[Start of Attachment]

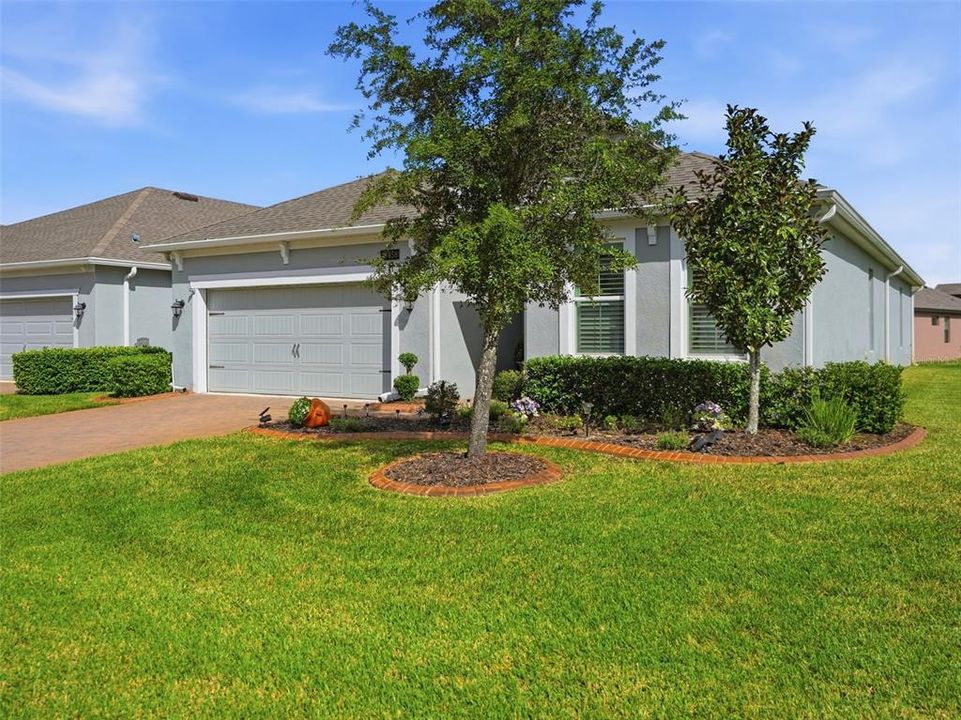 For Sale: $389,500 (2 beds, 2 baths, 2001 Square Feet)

[End of Attachment]
[Start of Attachment]

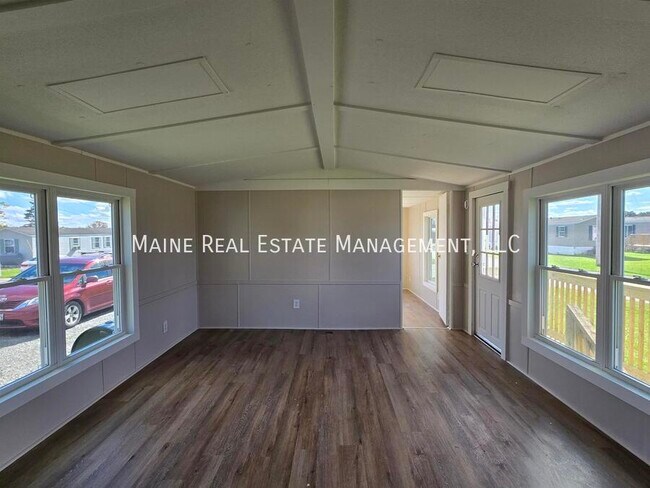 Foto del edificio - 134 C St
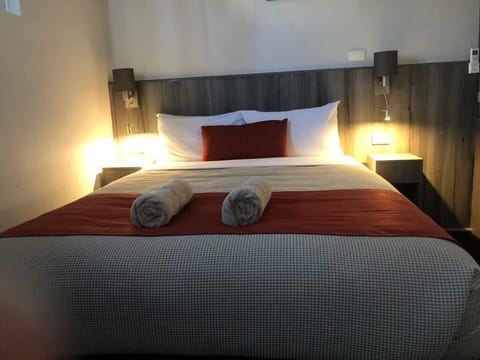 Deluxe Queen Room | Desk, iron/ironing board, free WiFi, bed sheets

[End of Attachment]

**Aim of the task:** Reproduce the data above exactly, but only the lines from the one showing "Foto del edificio - 134 C St" through the one showing "Deluxe Queen Room", with both ends kept and the pictures left out.

**Completed task:**
 Foto del edificio - 134 C St
 Deluxe Queen Room | Desk, iron/ironing board, free WiFi, bed sheets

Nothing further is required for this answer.